Nyri- In my opinion, having to prove things in a relationship is a recipe for disaster. Things should not have to be proven, love, happiness, respect etc. shouldn’t have to be “proven”. I’m all about communication. Talk to your man about what you are not doing in the relationship that would make him feel like he does not mean a lot to you. Compromise with his answer. If it is something that you cannot adjust to, then you need to compromise on what you can provide. 

Some additional things that could show him that he means a lot to you could be: Give him more attention. Focus more on him, eliminating other outside things. Verbal affirmations are another big thing in a relationship. Verbally stating your feelings could be just what he needs to hear. “I trust you”, “I agree with you”, or even regularly saying, “I love you” if you are at that stage in the relationship.

Sharing your own feelings and fears with him would also help to show how you feel about him. Be honest. Let him know when you’re feeling guarded, dwelling on a mistake, or simply not feeling yourself lately. Those things will clear any questions that he might have about how you are acting at the moment. Lastly, I would say don’t criticize his feelings. We are all individuals and have different ways of thinking and acting. We have different things that we like and don’t like. Just be honest and again, if a compromise is unable to be found then it may be time to part ways. 

“How do you tell someone you miss them while respecting their wishes to be just friends?” – Anonymous

Nyri- Ah the dreaded friend-zone, it sucks. I’m a very blunt person, I hate to beat around the bush so I wont start now. Imagine finally making a decision and expressing to someone the outcome of the decision and them not accepting it. It’s hard on both parts, especially when feelings are involved. You are allowed to miss people, you’re allowed to still like/love people even when the feeling cannot be reciprocated. The problem comes with the motive. What is your motive behind letting someone know that you miss them? Are you looking for that feeling to be reciprocated? Are you looking to just express it and it be done? Are you looking to go back to the way things were? Those are questions you have to ask, and be honest with yourself about. 
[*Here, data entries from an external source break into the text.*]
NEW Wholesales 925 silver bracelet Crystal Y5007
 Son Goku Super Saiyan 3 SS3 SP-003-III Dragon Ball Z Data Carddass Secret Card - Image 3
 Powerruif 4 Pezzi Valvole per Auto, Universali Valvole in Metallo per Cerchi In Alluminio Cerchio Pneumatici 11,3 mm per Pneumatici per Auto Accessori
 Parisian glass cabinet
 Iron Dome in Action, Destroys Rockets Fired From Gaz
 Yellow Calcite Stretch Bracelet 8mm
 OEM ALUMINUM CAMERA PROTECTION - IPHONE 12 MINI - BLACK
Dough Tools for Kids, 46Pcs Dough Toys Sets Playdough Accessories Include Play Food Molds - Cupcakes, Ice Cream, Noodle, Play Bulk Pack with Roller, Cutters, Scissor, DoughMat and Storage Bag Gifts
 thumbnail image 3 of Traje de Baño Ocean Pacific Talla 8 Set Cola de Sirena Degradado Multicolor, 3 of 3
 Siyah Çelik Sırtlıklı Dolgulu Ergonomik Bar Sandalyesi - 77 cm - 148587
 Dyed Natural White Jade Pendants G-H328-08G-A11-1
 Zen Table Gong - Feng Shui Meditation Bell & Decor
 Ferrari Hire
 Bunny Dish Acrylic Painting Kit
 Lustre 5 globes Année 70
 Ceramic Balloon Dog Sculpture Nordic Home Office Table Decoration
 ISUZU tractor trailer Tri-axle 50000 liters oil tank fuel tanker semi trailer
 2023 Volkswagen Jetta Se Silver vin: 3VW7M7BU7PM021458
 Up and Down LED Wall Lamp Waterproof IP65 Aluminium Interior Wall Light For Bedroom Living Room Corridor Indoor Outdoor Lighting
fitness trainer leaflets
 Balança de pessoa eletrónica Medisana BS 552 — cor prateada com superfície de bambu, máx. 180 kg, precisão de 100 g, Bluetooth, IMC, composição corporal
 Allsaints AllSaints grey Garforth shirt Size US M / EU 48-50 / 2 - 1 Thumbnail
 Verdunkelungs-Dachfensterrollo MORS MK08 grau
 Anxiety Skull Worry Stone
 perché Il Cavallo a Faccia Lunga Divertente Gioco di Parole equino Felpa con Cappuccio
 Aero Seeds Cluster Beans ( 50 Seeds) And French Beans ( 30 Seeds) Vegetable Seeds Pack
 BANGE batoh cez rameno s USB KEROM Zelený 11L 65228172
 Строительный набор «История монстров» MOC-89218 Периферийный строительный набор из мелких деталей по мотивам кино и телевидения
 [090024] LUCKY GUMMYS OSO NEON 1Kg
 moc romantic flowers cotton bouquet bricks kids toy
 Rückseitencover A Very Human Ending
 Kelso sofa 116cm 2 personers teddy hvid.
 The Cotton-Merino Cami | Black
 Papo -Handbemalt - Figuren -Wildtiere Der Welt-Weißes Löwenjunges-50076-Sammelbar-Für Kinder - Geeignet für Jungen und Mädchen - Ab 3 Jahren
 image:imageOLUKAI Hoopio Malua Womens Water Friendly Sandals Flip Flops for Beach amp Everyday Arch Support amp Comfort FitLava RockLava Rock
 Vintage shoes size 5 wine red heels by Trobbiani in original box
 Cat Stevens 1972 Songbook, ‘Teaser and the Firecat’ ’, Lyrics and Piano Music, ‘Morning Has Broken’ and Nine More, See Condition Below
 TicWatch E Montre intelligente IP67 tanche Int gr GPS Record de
You want to respect their wishes to just be friends but you want them to know that you miss them, you miss being around them or with them. If you truly wish to respect them, I personally would keep it to myself. Relationships and breakups are hard. It’s even harder when one person has deeper feelings than the other one. Take time to adjust your feelings. Stop spending time around that person. Being around someone continuously does not help with getting over them. If you feel like you absolutely must confess to them that you miss them…don’t.